Another is resource commitment attendant to providing secret data. For example, in Kubernetes, secrets can be consumed in environment variables or in volumes. The volume mode of consumption uses a tmpfs so that secret data does not come to rest on a node. As a result, secret volumes can become a non-trivial consumer of RAM on nodes. Since configuration data (ie, Kubernetes ConfigMap) does not have a requirement to avoid data-at-rest, we simply use a the node local disk to back those volumes. So, from a cluster operator standpoint, it is preferable to differentiate between secret and non-secret data.

Another facet is user experience. In user interfaces it will be desirable to display data to users that isn't secret and to avoid displaying secret data, except possibly after some confirmation that it is really okay (and possibly not even then).
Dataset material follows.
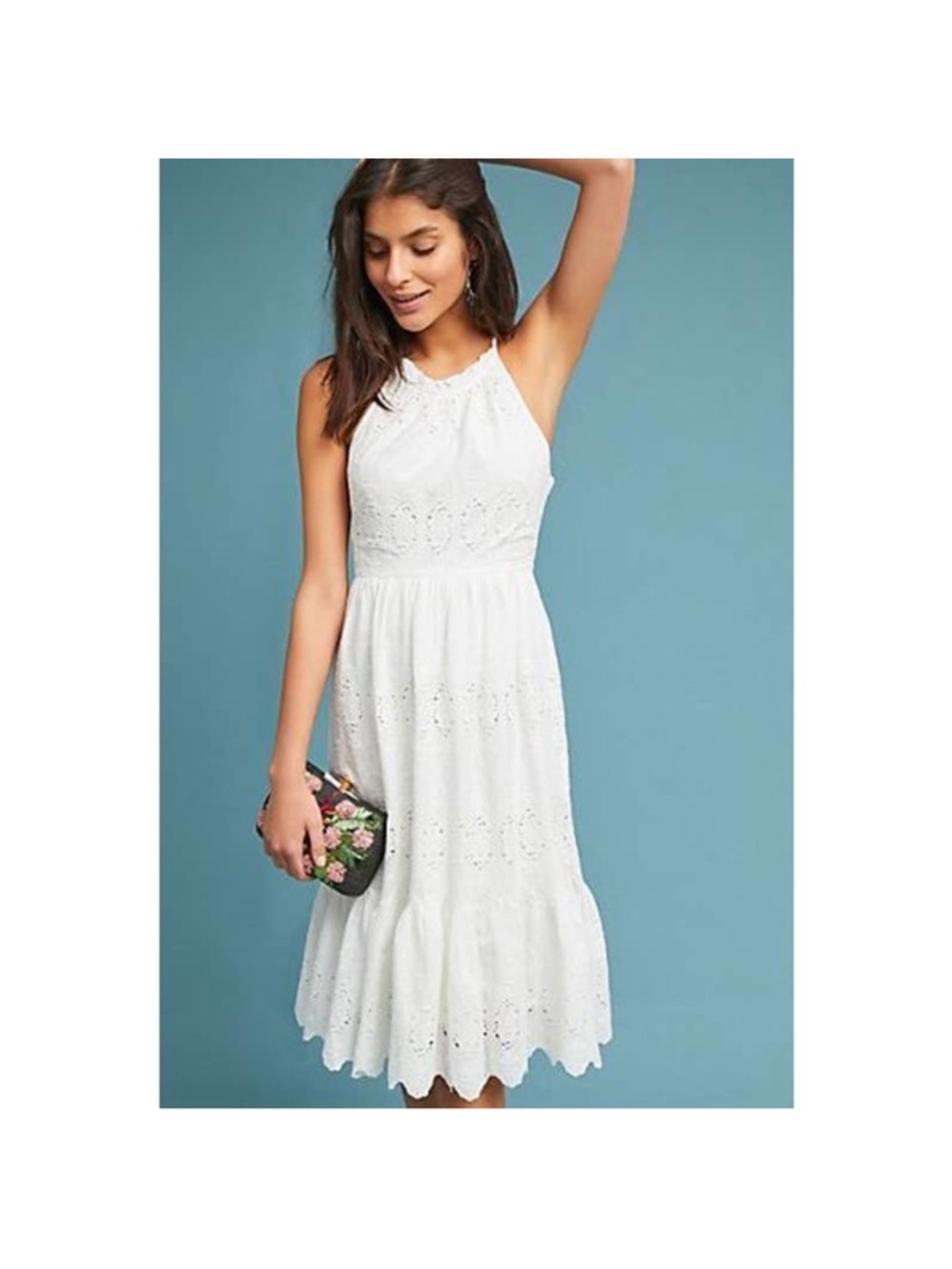Anthropologie Maeve Cream Eyelet Halter Midi Dress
If we treat everything as secret for convenience we limit ourselves from being able to build user interfaces that display the desired amount of information.

[pmorie]

@rcernich

What about other technologies, e.g. node, python, etc.? Presumably, these would use different forms for configuring a datasource.

I am not certain exactly what this comment is in response to -- can you clarify or elaborate?

[rcernich]

Hey @pmorie, this comment was specific to how the information is presented to the user. If it is presented as a jdbc connection url, that might work fine for Java based consumers, but not for folks accessing the resource from other platforms/technologies/languages/etc. To me, it seemed better to provide the raw details, which could then be assembled into the appropriate configuration by the consumer.

[mayrstefan]

Yes, the Java world is doing really fancy things with jdbc-URLs. Some JDBC drivers even allow to pass special options to the connection parameters. A crazy example is Oracles JDBC Thin driver. Simply and expected: jdbc:oracle:thin:@host:1521:sid Syntax greetings from the native driver (tnsnames.ora entry in one line): jdbc:oracle:thin:@(DESCRIPTION=(ADDRESS_LIST=(ADDRESS=(PROTOCOL=TCP)(HOST=Host_name)(PORT=1521)))(CONNECT_DATA=(SID=service_name)(SERVER=DEDICATED))) We often need the later syntax to support multiple hosts of Oracle RAC databases or pass special network parameters to the driver without using the native OCI driver.

Oracle even has the possibility to lookup the db connection details via LDAP. An example from their documentation: jdbc:oracle:thin:@ldap://ldap.acme.com:7777/sales,cn=salesdept,cn=OracleContext,dc=com No database host required in this url to make the jdbc driver connect to a database.

This is all very specific to the Java world. But because some magic (Spring Boot?) depends on jdbcUrls everything has to be packed into it. The variations can hardly be constructed from host:port

[avade]

relates to https://github.com/openservicebrokerapi/servicebroker/issues/116

[duglin]

on 8/29 call we decided to defer this for now

[mattmcneeney]

Once #116 is merged, we will be able to use JSON schema to indicate what part of a binding response is private and shouldn't be shown to end users. Closing this here.